→ **What the exercise asks**:
Please output the line containing "Ausinės POLY Blackwire C3215" and all lines that follow it in the data below, exactly, with no pictures.

→ **The data**:

--------

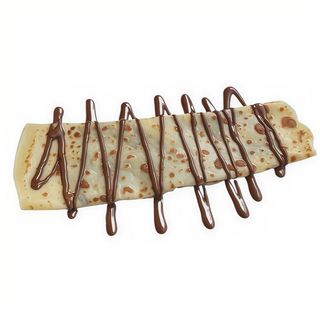 Crepe 2 Nutellas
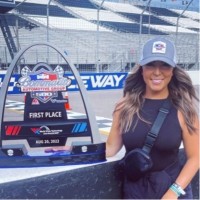 Performance Plus Global Logistics Employee Emily Besgrove's profile photo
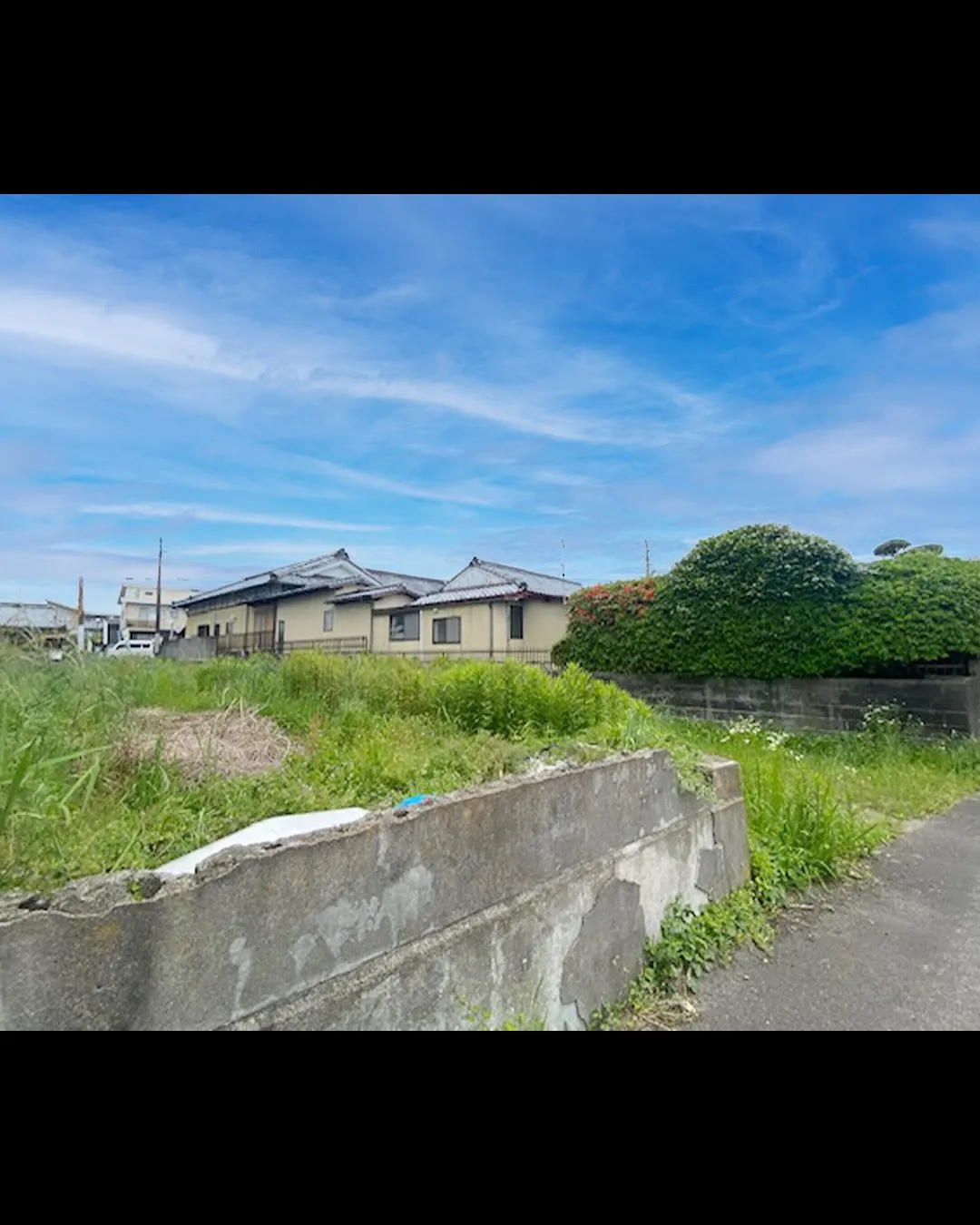 広原町の土地のご紹介です✏️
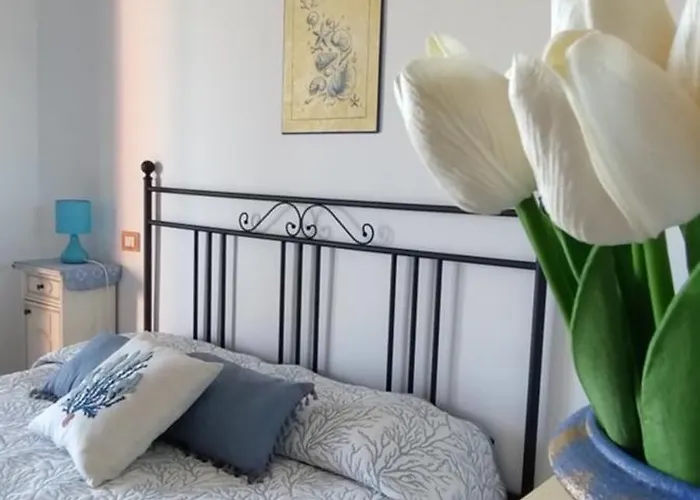 Casa Orziadas Pittulongu - Sea View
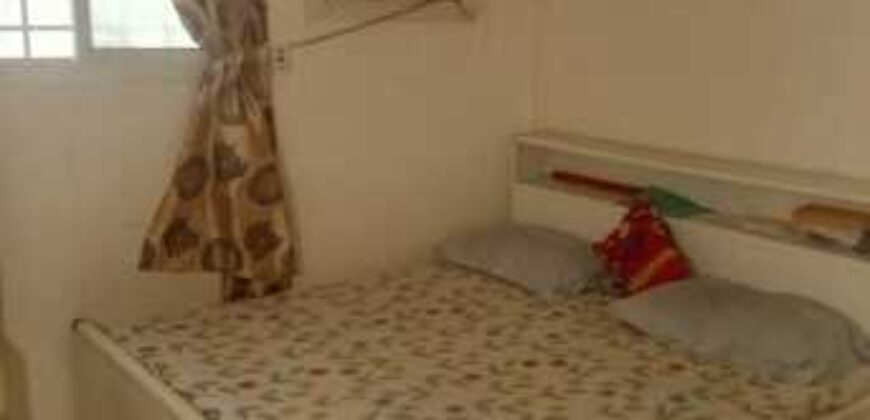 2BHK Family Flat for Rent in Riyadh – Ground Floor – SAR 2600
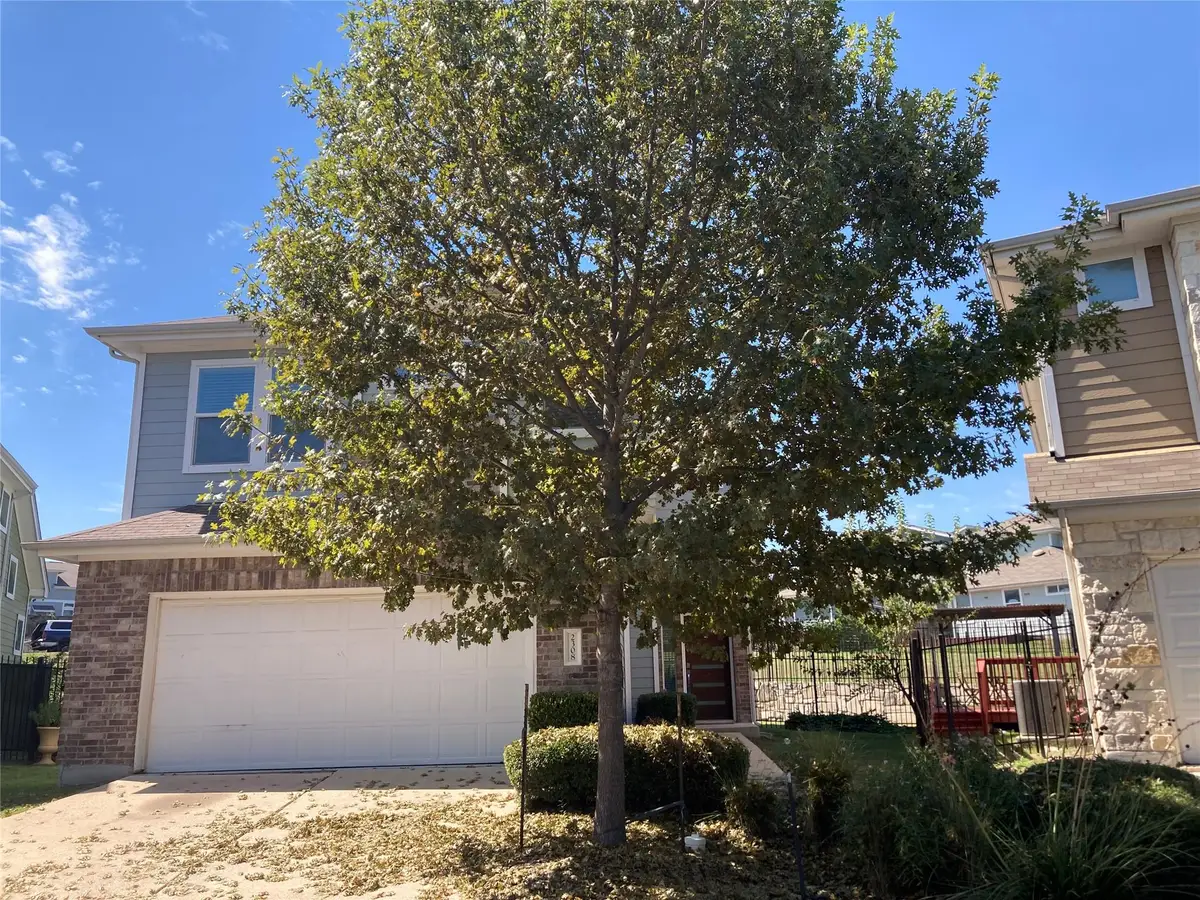 2308 Montague St, Austin, TX 78741 - #1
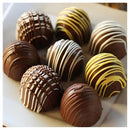 Harald Cobertura Top ao Leite 500g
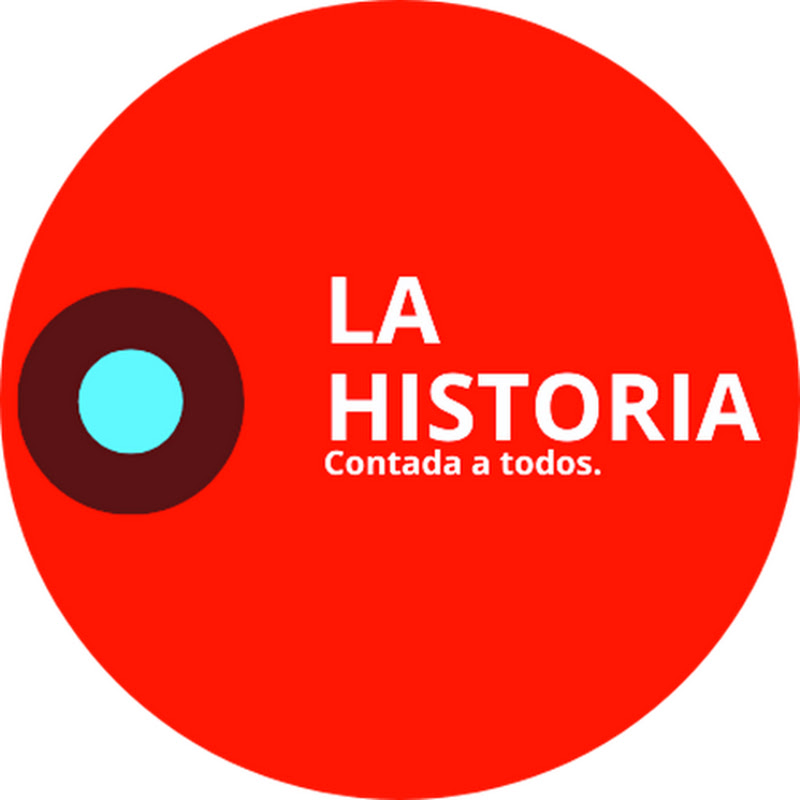LA HISTORIA, CONTADA A TODOS...
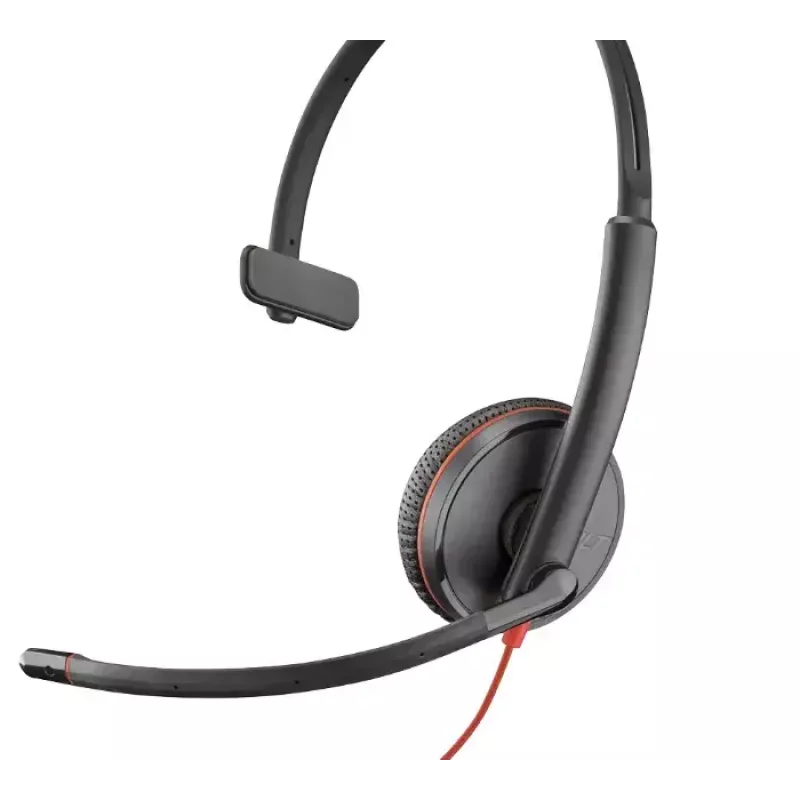 Ausinės POLY Blackwire C3215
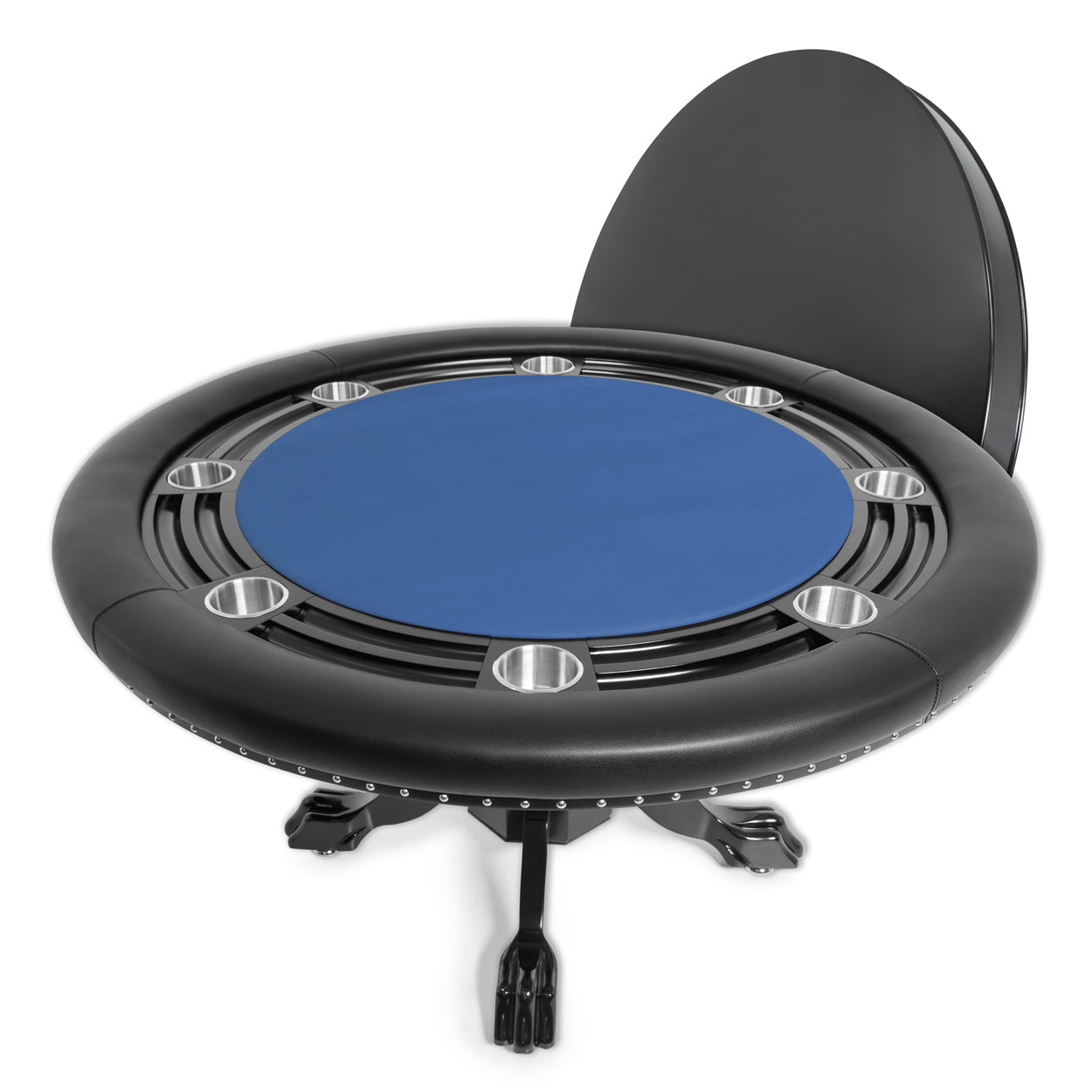The Nighthawk Poker Table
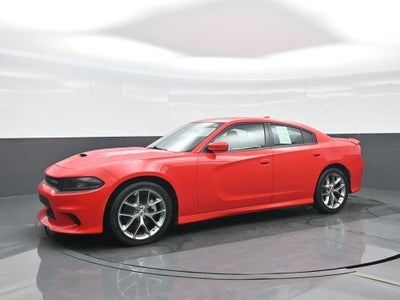 2022 Dodge Charger GT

--------

→ **Response box**:
 Ausinės POLY Blackwire C3215
The Nighthawk Poker Table
 2022 Dodge Charger GT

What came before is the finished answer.